**MATERIALS PROVIDED**

**********

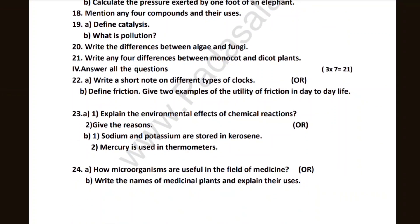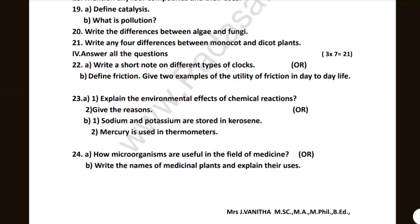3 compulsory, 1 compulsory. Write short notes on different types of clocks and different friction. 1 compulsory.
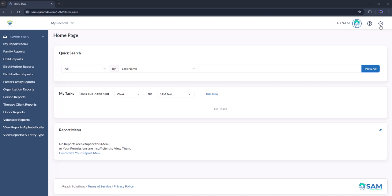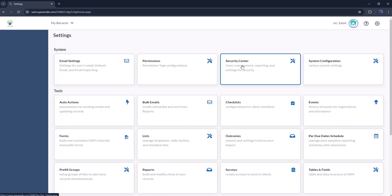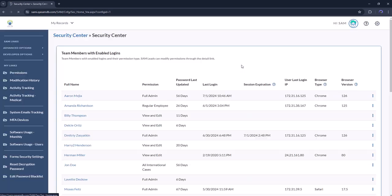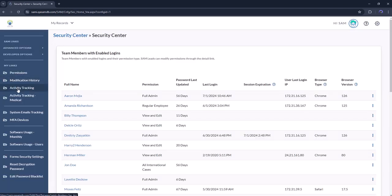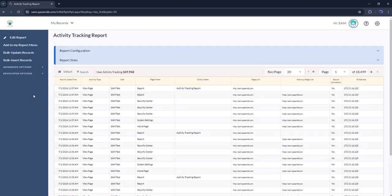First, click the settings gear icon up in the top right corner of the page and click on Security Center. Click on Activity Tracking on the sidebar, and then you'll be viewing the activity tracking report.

**********

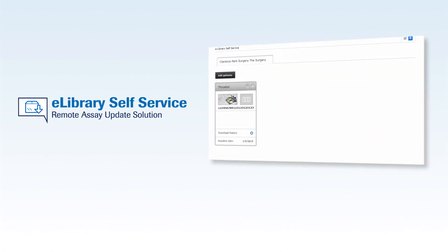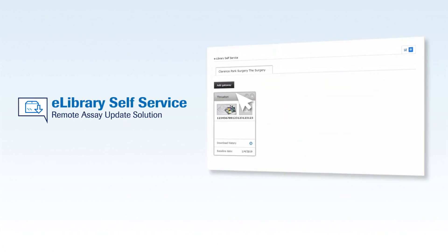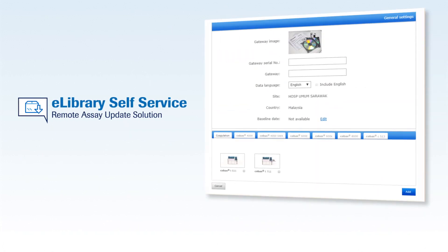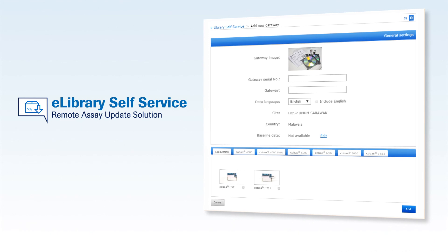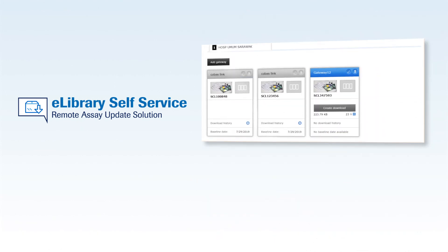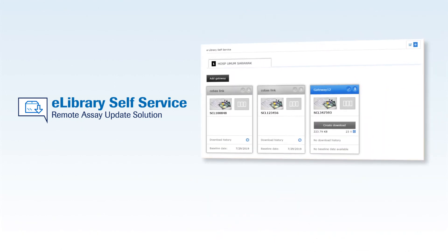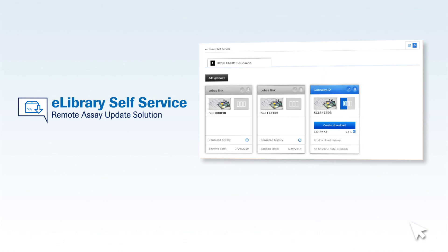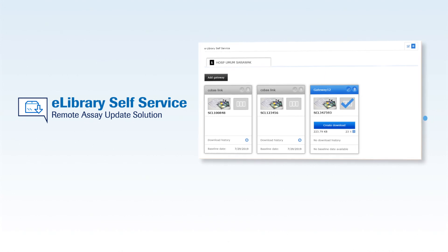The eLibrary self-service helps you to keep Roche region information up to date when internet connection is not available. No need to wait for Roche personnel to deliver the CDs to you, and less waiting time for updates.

**********

Repeat, without pictures, exactly the lines of the data above from the one containing "3 compulsory, 1" through the one containing "First, click the", including both and adding nothing.

3 compulsory, 1 compulsory. Write short notes on different types of clocks and different friction. 1 compulsory.
First, click the settings gear icon up in the top right corner of the page and click on Security Center. Click on Activity Tracking on the sidebar, and then you'll be viewing the activity tracking report.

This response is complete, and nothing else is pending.